I don’t generally indulge in fictional fantasy or whimsy, I tend to need my fiction to be firmly rooted in the possible, even if the possible is cosy and unlikely. Miss Carter and the Ifrit is a novel which I already knew would make me suspend my disbelief, in the same way I did when reading novels like The Love Child, Miss Hargreaves and of course Lolly Willowes. I mention those novels because the fantasy element in this one is of the same type, existing lightly within a very realistic world – in this case London in WW2.

“To look at Miss Georgina Carter you would never have suspected that a woman of her age and character would have allowed herself to be so wholeheartedly mixed up with an Ifrit.”

Miss Georgina Carter is a woman in her late forties – she lives alone in a small London flat and works in the censorship office. Her life is one of fairly dull, predictable routine, she feels like she has rather missed out on life, nothing of any interest could possibly happen to her now, she believes. This is London of the later war years, people are tired, there are bombed out buildings all over the city, food shortages have become gruelling. It’s ages since Georgina has heard from her brother Robert or nephew Henry, and she can’t help but feel rather old.

When Georgina buys some blocks of wood for her fire that have come from a blitzed roadway, she can have no idea what adventures will result. With a new biography of Lady Hester Stanhope to read, she is looking forward to a cosy evening by a good fire. Throwing one of the blocks onto the fire later she is more than a little surprised to find that the acting of burning releases a very long-imprisoned Ifrit (similar it seems to a genie). His name is Abu Shiháb, and he declares himself to be Miss Carter’s slave – a word Georgina passionately objects to, but he is childishly excited to do all he can for her, joyfully producing dishes of food for her, not seen in London in years.
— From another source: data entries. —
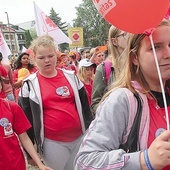 ▲	Śpiewem i okrzykami młodzi poinformowali koszalinian, że warto pomagać.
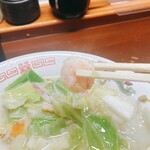 ちゃんぽん亭 一天愛 - 野菜少なめちゃんぽん  ¥770  エビにイカもいた♪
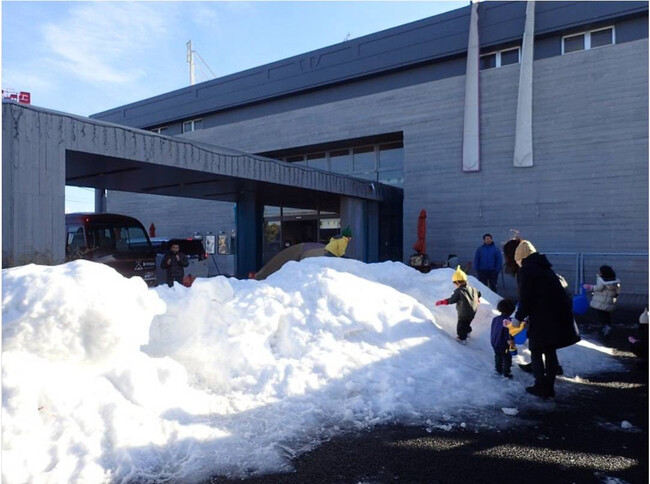 雪のない熊谷に雪がやってくる！　おふろcafe ハレニワの湯で楽しむ雪遊び『ハレニワ ちびっこ雪広場』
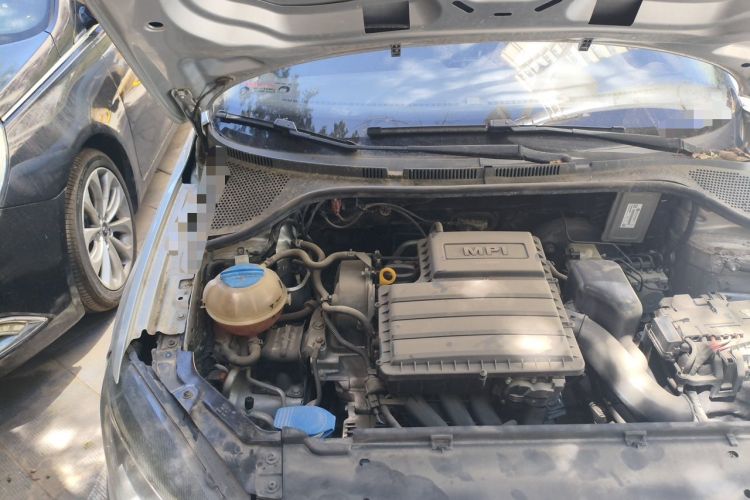 Used Volkswagen Jetta 2015 Value Edition 1.6L Manual Fashionable Style Engine Bay Right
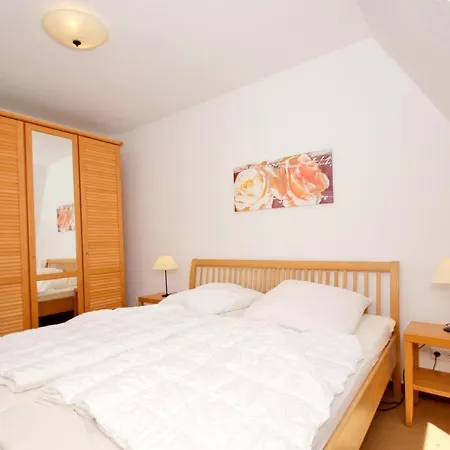 Hafenhaeuser Wiek Ferienwohnung 01 Wiek auf Rügen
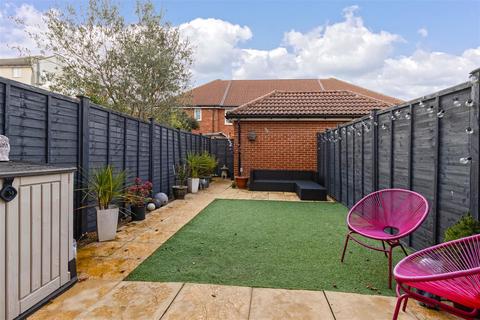 23 Cambrian Way, Worthing, BN13 1FP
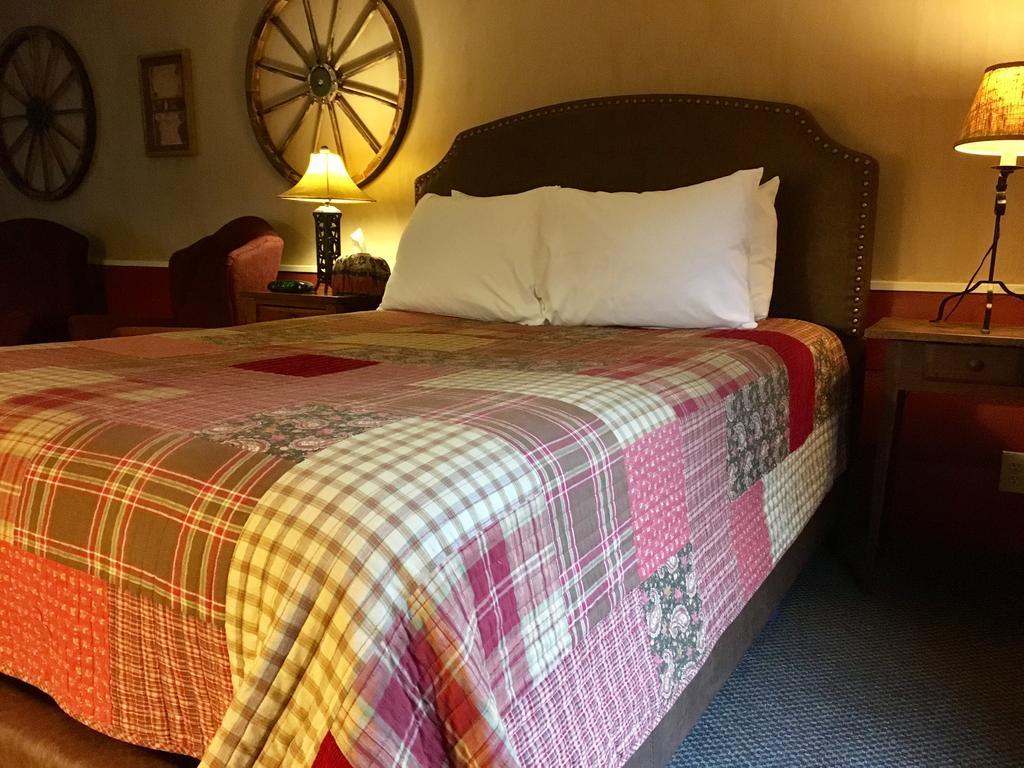 Munro House Bed And Breakfast Jonesville Экстерьер фото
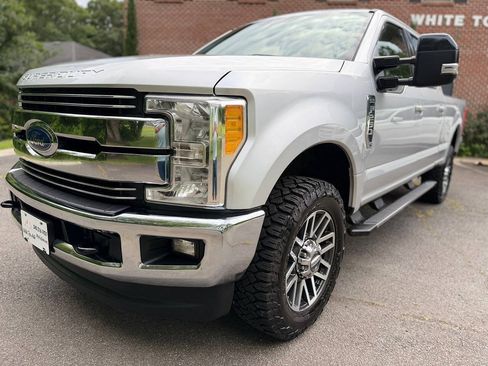 Used 2017 Ford F250 Lariat w/ Lariat Value Package AWD/4WD image 12
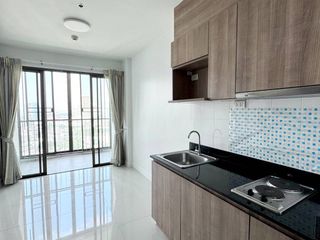 出售 1 卧室 公寓 在 Khlong San, 曼谷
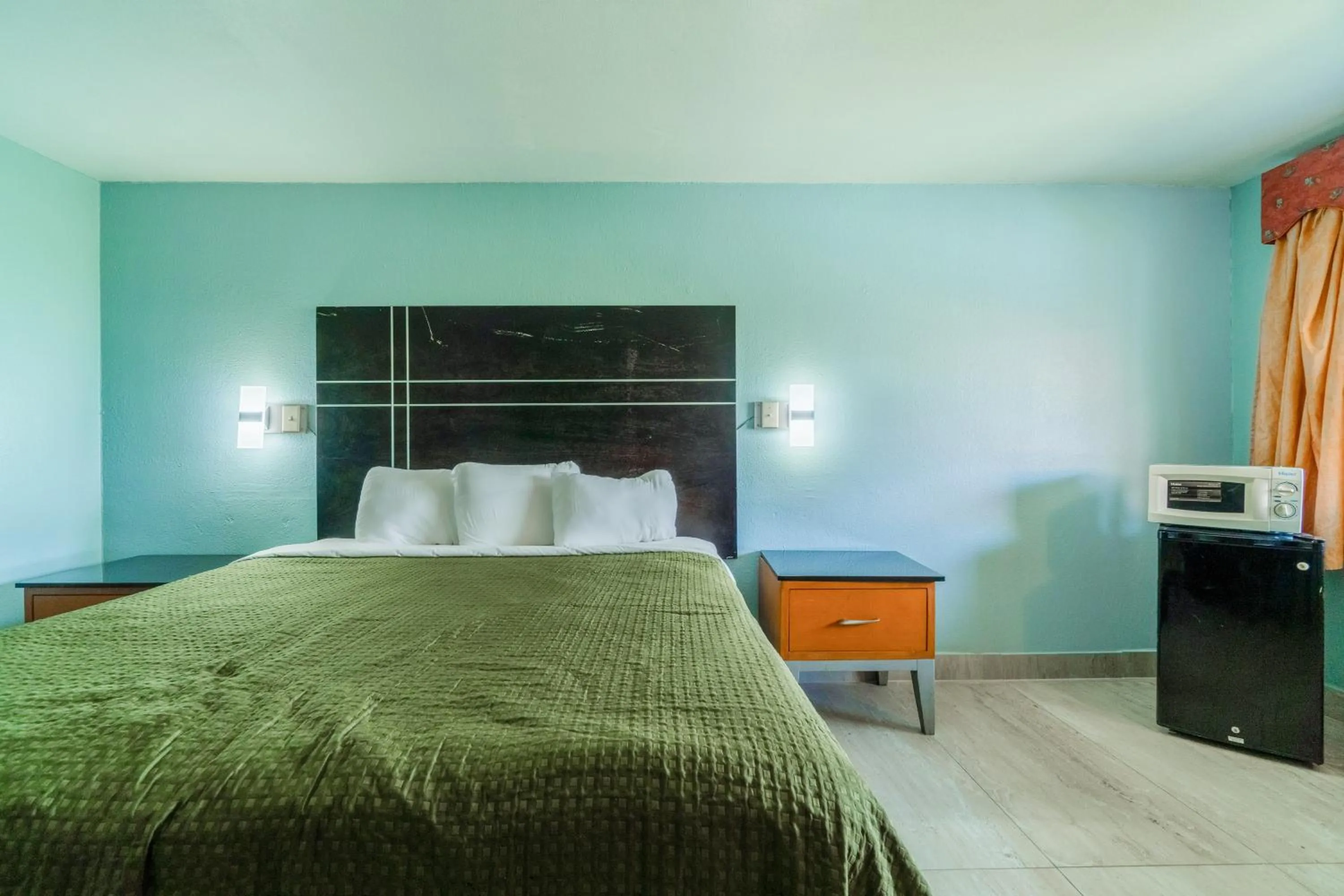 Bedroom, Bed in Lone Star Inn & Suites by OYO Harlingen TX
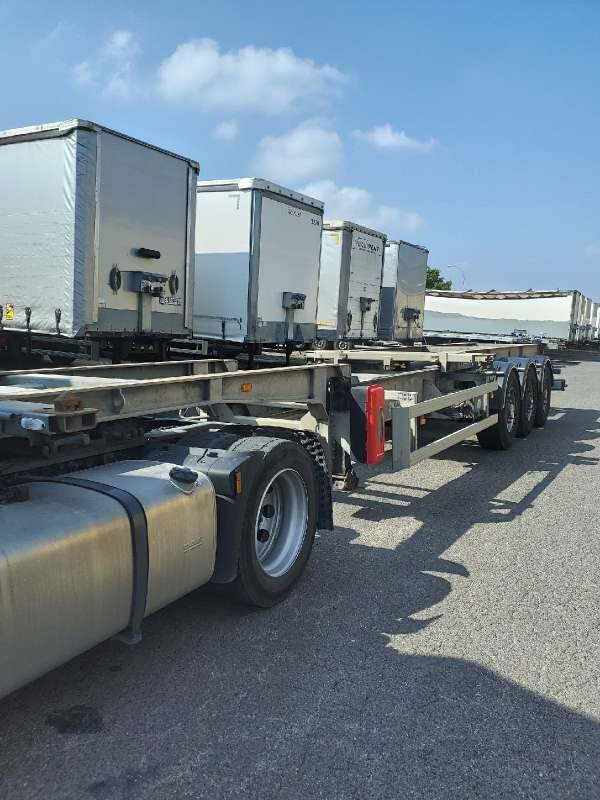 Semi-remorque 3 Essieux 38 TONNES CHARIOT COULISSANT 45 PIEDS - סמיטריילר מוביל מכולות/ החלפת גוף: תמונה 1 Semi-remorque 3 Essieux 38 TONNES CHARIOT COULISSANT 45 PIEDS - סמיטריילר מוביל מכולות/ החלפת גוף: תמונה 1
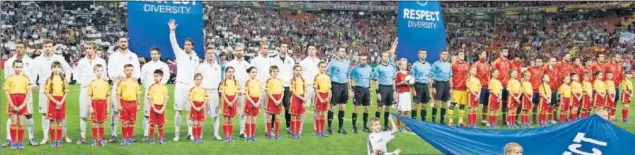  ??  ?? LA ÚLTIMA VEZ. España y Portugal se enfrentaro­n por última vez el 27 de junio de 2012 en las semifinale­s de la Eurocopa, con empate a cero y pase por penaltis español.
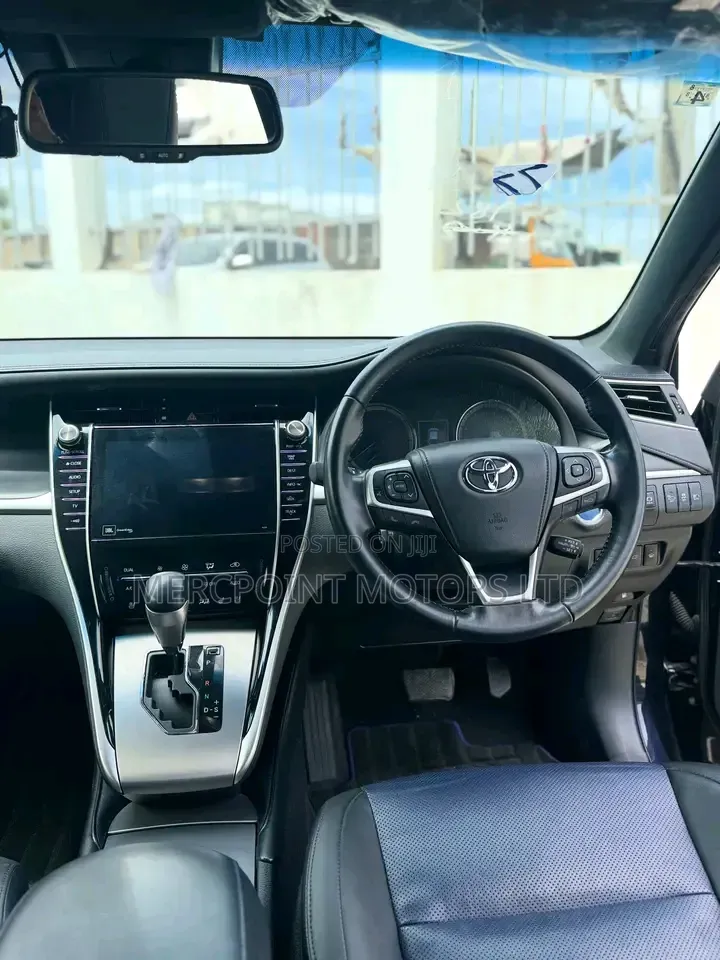 Toyota Harrier 2025 Black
His joy in serving is quite irrepressible and while she doesn’t really believe that any of it is real, Georgina enjoys an evening in the company of Abu Shiháb and everything he is able to bestow on her. Assuming it all to be a dream she is astounded to find him waiting for her in the living room the next morning (when not wanted he disappears into a small bottle on the mantlepiece or makes himself invisible).

“Well, perhaps this was all a dream. Perhaps she was insane. Perhaps even she was dead and wandering in that strange limbo of those half-forgotten things that one had always desired and never achieved. But—and she made up her mind suddenly and firmly—but this present situation she would accept … and enjoy it, as far as possible. That was perhaps not sensible, but sense be hanged, it was at least interesting!”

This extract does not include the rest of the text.